Goal of the exercise: Pictures are to be left out, and only the lines from the one with "Mortal Shell - Grisha" through the last line of the listing below are to be repeated exactly.

*** Recorded information ***

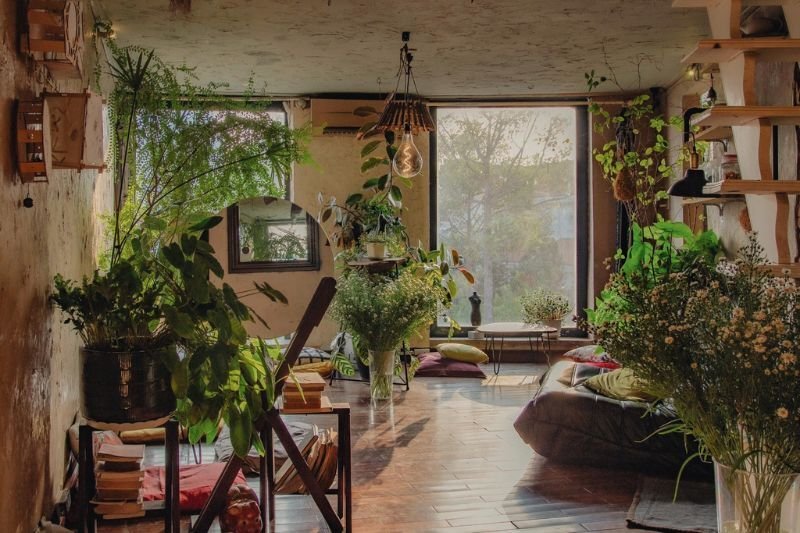 Ph&ograve;ng kh&aacute;ch với nhiều c&acirc;y xanh, &aacute;nh s&aacute;ng tự nhi&ecirc;n từ cửa sổ lớn, kh&ocirc;ng gian ấm c&uacute;ng v&agrave; trang tr&iacute; đơn giản.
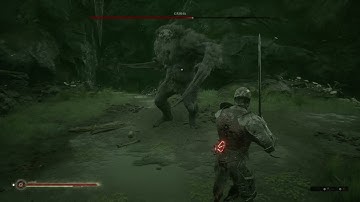 Mortal Shell - Grisha / Parry 100% (No damage)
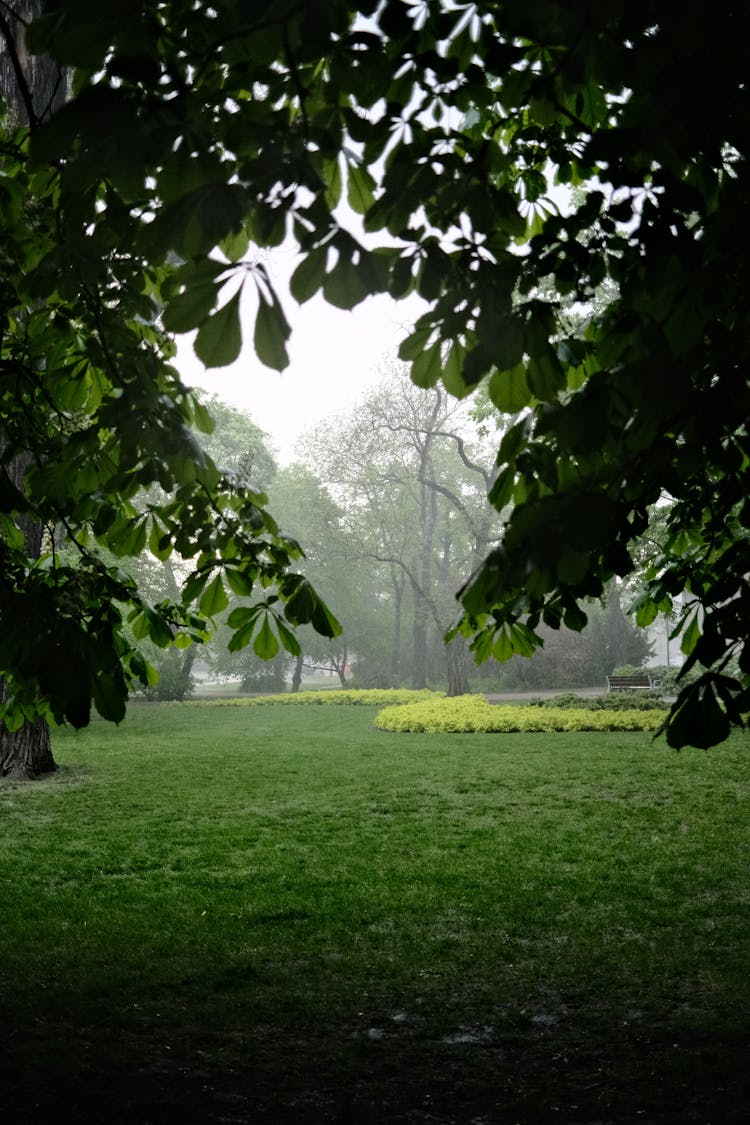 Trees And Lawn In Park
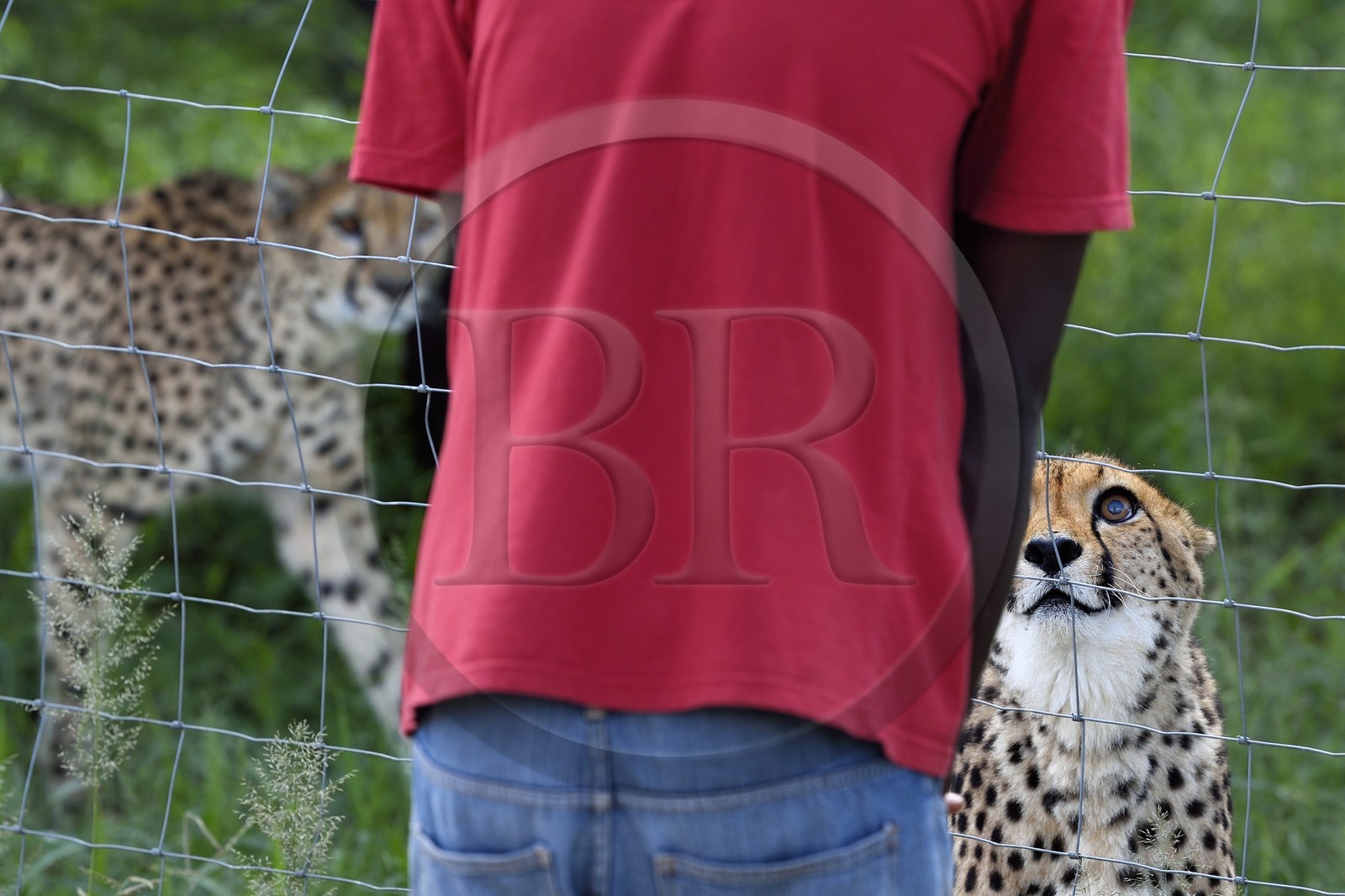 Namibie, Otjiwarongo, Cheetah Conservation Fund, centre de recherche et d'éducation, guépard (Acinonyx jubatus) dans son enclos face à un soigneur Namibie, Otjiwarongo, Cheetah Conservation Fund, centre de recherche et d'éducation, guépard (Acinonyx jubatus) dans son enclos face à un soigneur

*** End of Recorded information ***

Finished task:
 Mortal Shell - Grisha / Parry 100% (No damage)
 Trees And Lawn In Park
 Namibie, Otjiwarongo, Cheetah Conservation Fund, centre de recherche et d'éducation, guépard (Acinonyx jubatus) dans son enclos face à un soigneur Namibie, Otjiwarongo, Cheetah Conservation Fund, centre de recherche et d'éducation, guépard (Acinonyx jubatus) dans son enclos face à un soigneur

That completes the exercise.